Je ne répondrai pas aux petits inquisiteurs anonymes ni aux franciscolâtres pavloviens, mais sans doute ma formulation a-t-elle été un peu elliptique.
Donc je vais essayer d’expliquer.
Tout d’abord le fait est indiscutable. François a répondu plusieurs fois qu’il n’habitait pas les appartements pontificaux parce qu’il avait besoin d’être avec les gens. Par exemple dans sa fameuse interview aux revues jésuites :
Quand j'ai pris possession de l'appartement pontifical, j'ai entendu distinctement un “non” à l'intérieur de moi. L'appartement pontifical (…) est comme un entonnoir à l'envers. S'il est grand et spacieux, son entrée est vraiment étroite. On y entre au compte-gouttes, et moi, sans les personnes, non, je ne peux pas vivre. J'ai besoin de vivre ma vie avec les autres.
Pourquoi est-ce que cela en dit long sur sa vie intérieure ? Parce que lorsqu’on a une vie intérieure on cherche à être le plus souvent possible seul avec Dieu.

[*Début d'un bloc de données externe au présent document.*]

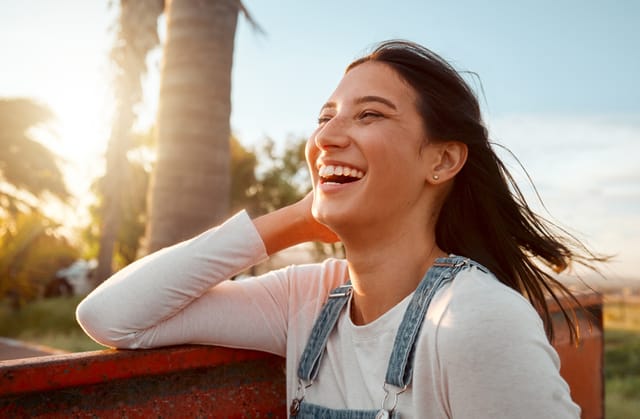 smiling woman in sunshine outdoors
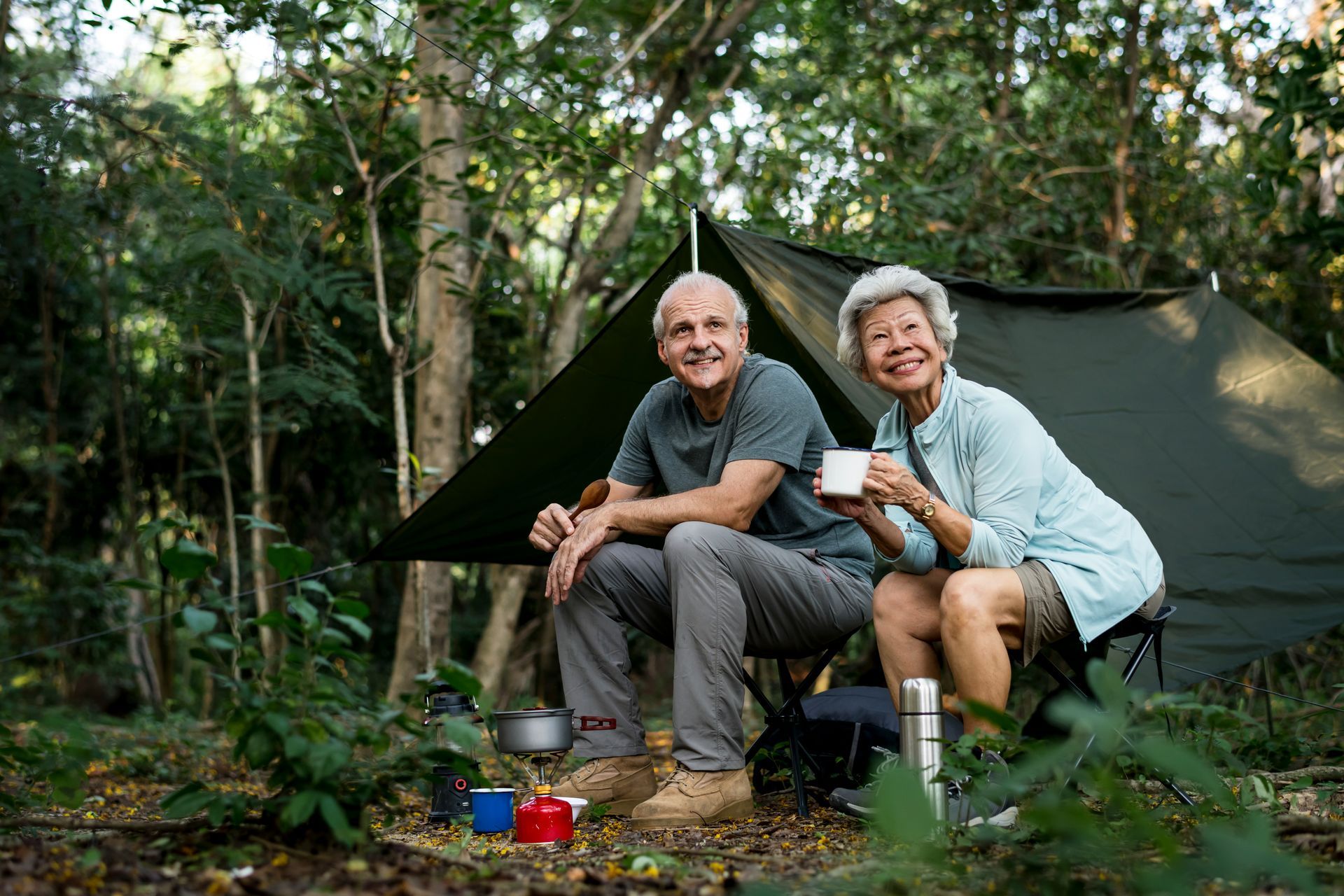 Couple camping in a forest: smiling, sitting by a tent, holding mugs.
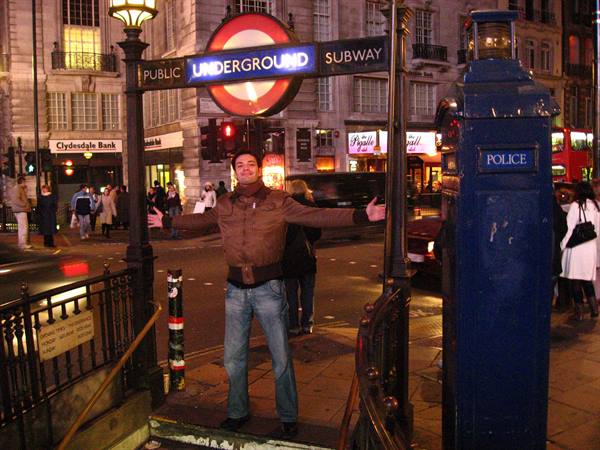 Tourist with open arms under the Underground sign at Piccadilly Circus, evening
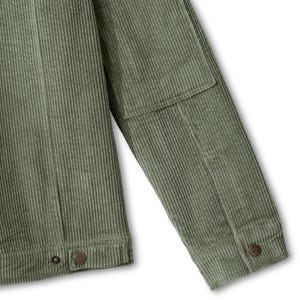May include: An olive green corduroy jacket featuring a textured ribbed fabric, a long sleeve with a reinforced elbow patch, a buttoned cuff, and a hemline with a metallic button closure. The garment displays vertical stitching and structured seams.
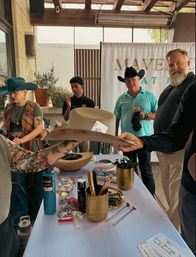 Artisan hat-shaping booth at an outdoor market with people trying on wide-brimmed cowboy hats, hat blocks and shaping tools displayed on a table.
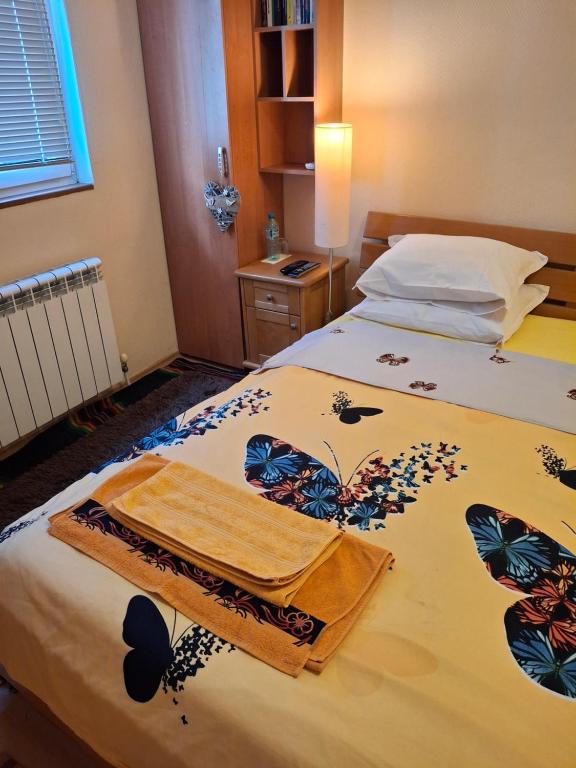 a bed with a blanket with butterflies on it at Stay with Me bed and breakfast, parking, pets welcom in Sofia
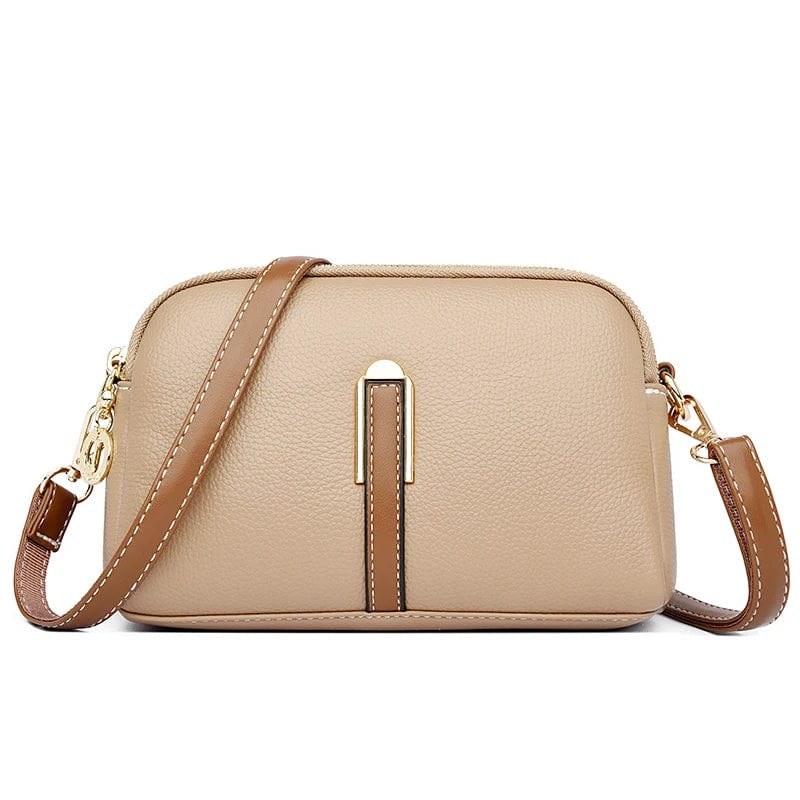 Sac à main femme élégant en cuir vegan noir, style chic avec bandoulière réglable.
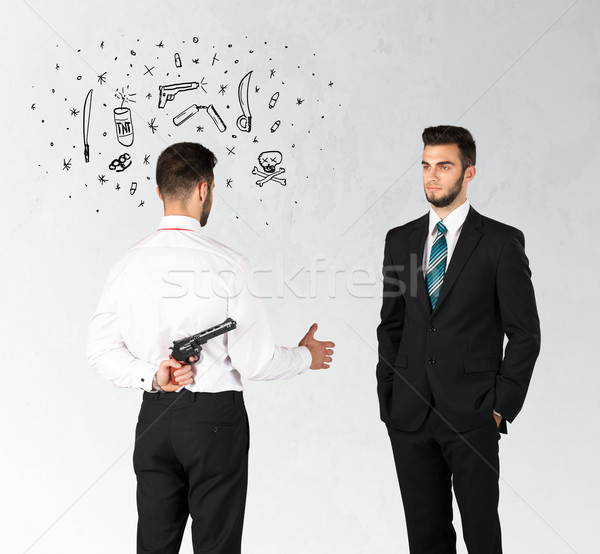Działalności biznesmen handshake ukrywanie broń symbolika Zdjęcia stock © ra2studio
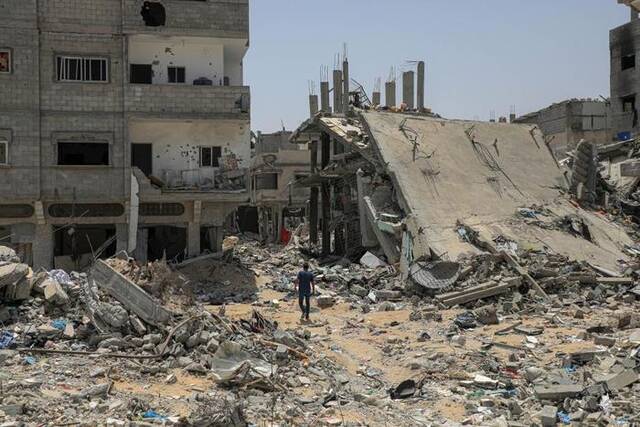 5月21日，在加沙地带南部城市汗尤尼斯，巴勒斯坦人经过以军轰炸后的废墟。（新华社发里泽克·阿卜杜勒贾瓦德摄）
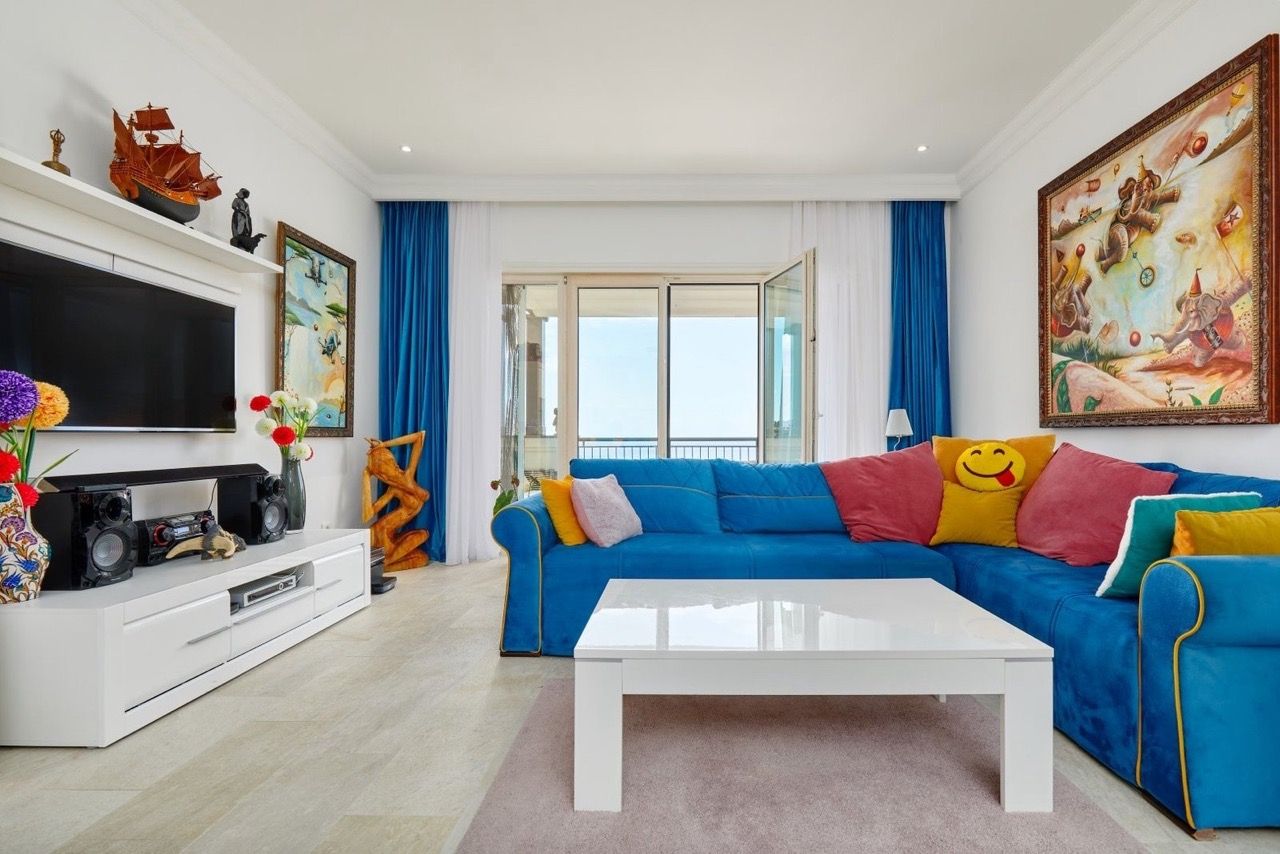 Bright living room with a blue sofa and sea view in an apartment in Luštica Bay, Radovići, Montenegro.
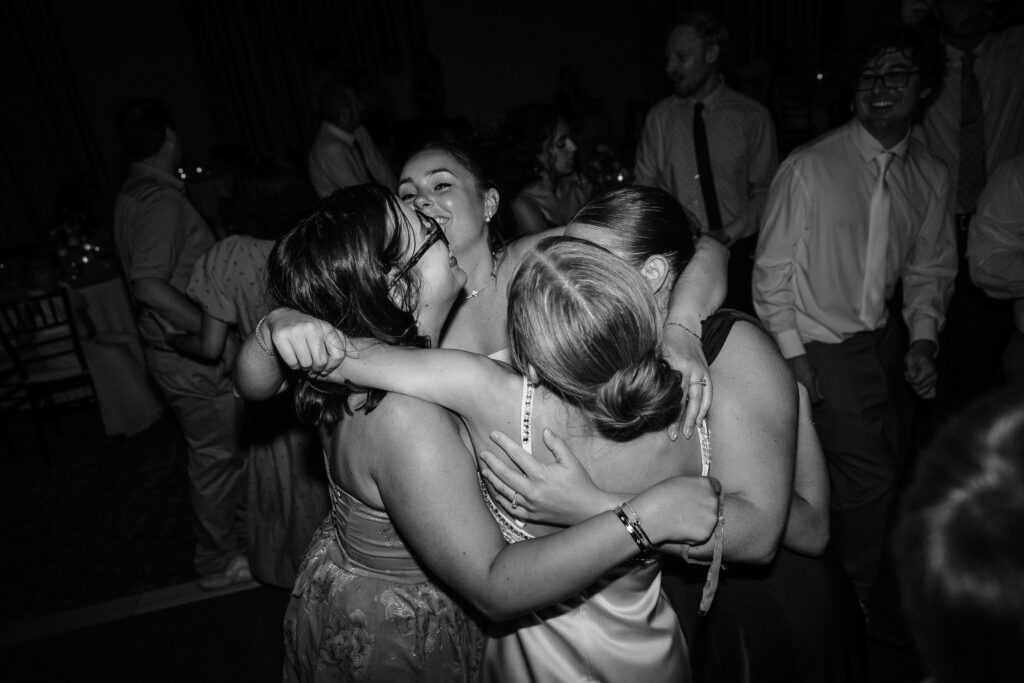 Black and white photo of friends hugging on the dance floor at the end of the night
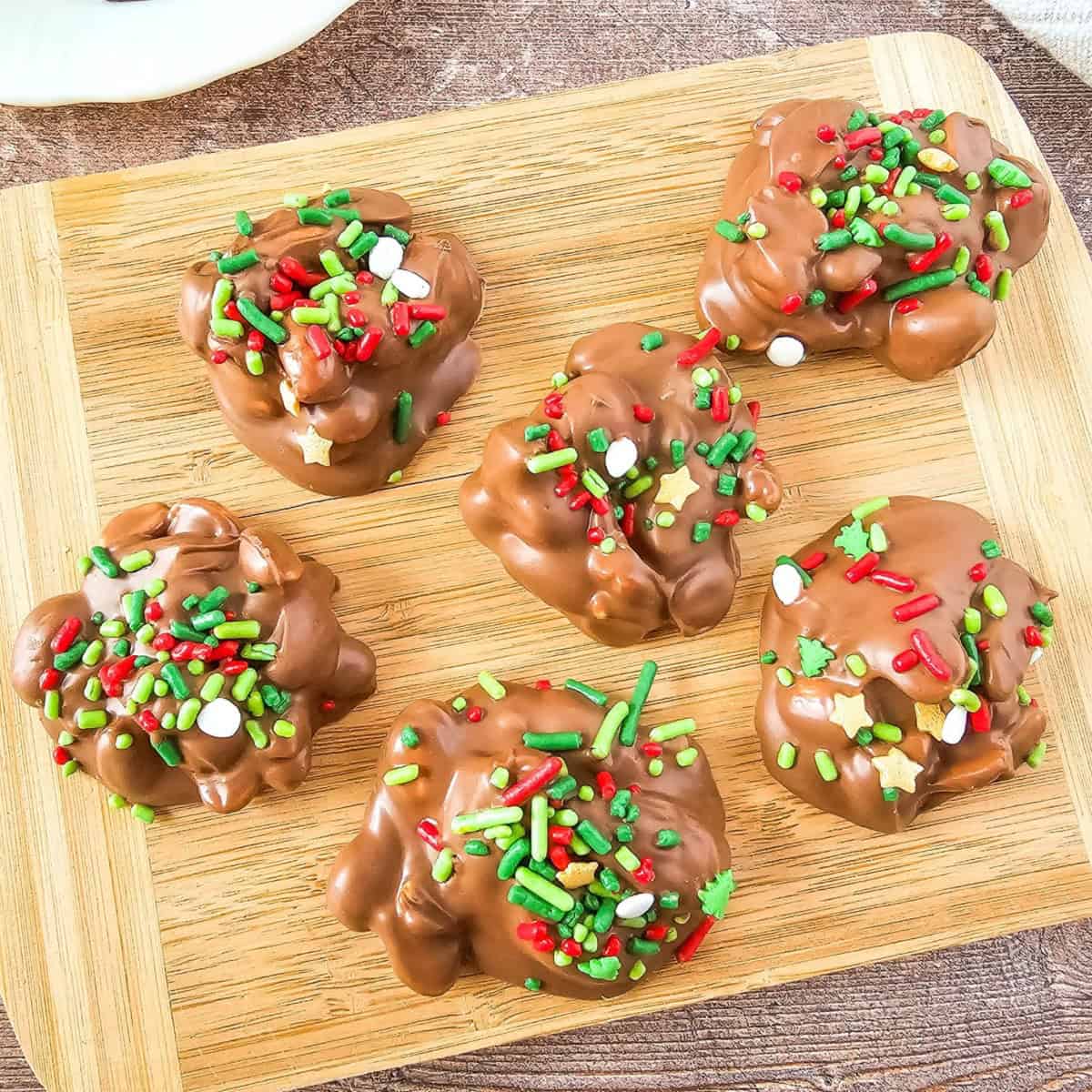 Chocolate crockpot candies arranged on a wooden board, topped with Christmas sprinkles.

Je n’ai encore jamais lu qu’un saint avait peur de la solitude et avait « besoin » d’être entouré pour vivre. Au contraire, j’ai toujours lu que les saints cherchent à être seuls pour être avec Dieu, et que c’est à regret qu’ils quittent cette solitude, par devoir de charité fraternelle. Par exemple le modèle du missionnaire jésuite, saint François Xavier, avait refusé d’adopter le bréviaire plus court que le pape lui concédait en raison de ses activités, parce qu’il ne voulait pas restreindre en quoi que ce soit le temps de la prière liturgique qui le mettait en communion directe avec Dieu. On voit aussi dans le livre du cardinal Sarah comment, enfant, il avait été impressionné par la prière des missionnaires, la longue prière contemplative de ces prêtres si actifs « au-dehors » et « aux périphéries »…
Or quand on est pape on est submergé de visites inévitables et de rencontres nécessaires. Raison de plus pour sauter sur toute occasion de pouvoir être enfin un peu seul avec le Seigneur.
Il n’est même pas besoin d’être chrétien pour le comprendre, puisqu’on a l’exemple de l’amour humain. Quiconque a été amoureux comprend de quoi il s’agit. Quand on est amoureux on cherche à être le plus souvent possible et le plus longtemps possible auprès de l’être aimé. Seul avec l’être aimé. Quand il s’agit de Dieu ce désir est infiniment plus grand.
Ce n’est pas pour rien que le Cantique des cantiques (qui commence par : « Qu’il me baise d’un baiser de sa bouche ») est au centre de la Bible :
« Indique-moi, toi qu’aime mon âme, où tu pais, où tu te reposes à midi,
afin que je ne me mette pas à errer derrière les troupeaux de tes compagnons… Il m’a introduit dans le cellier du vin, il a ordonné en moi l’amour, soutenez-moi avec des fleurs, fortifiez-moi avec des pommes, car je languis d’amour. Sa main gauche est sous ma tête, et il m’embrasse de sa main droite… » Etc.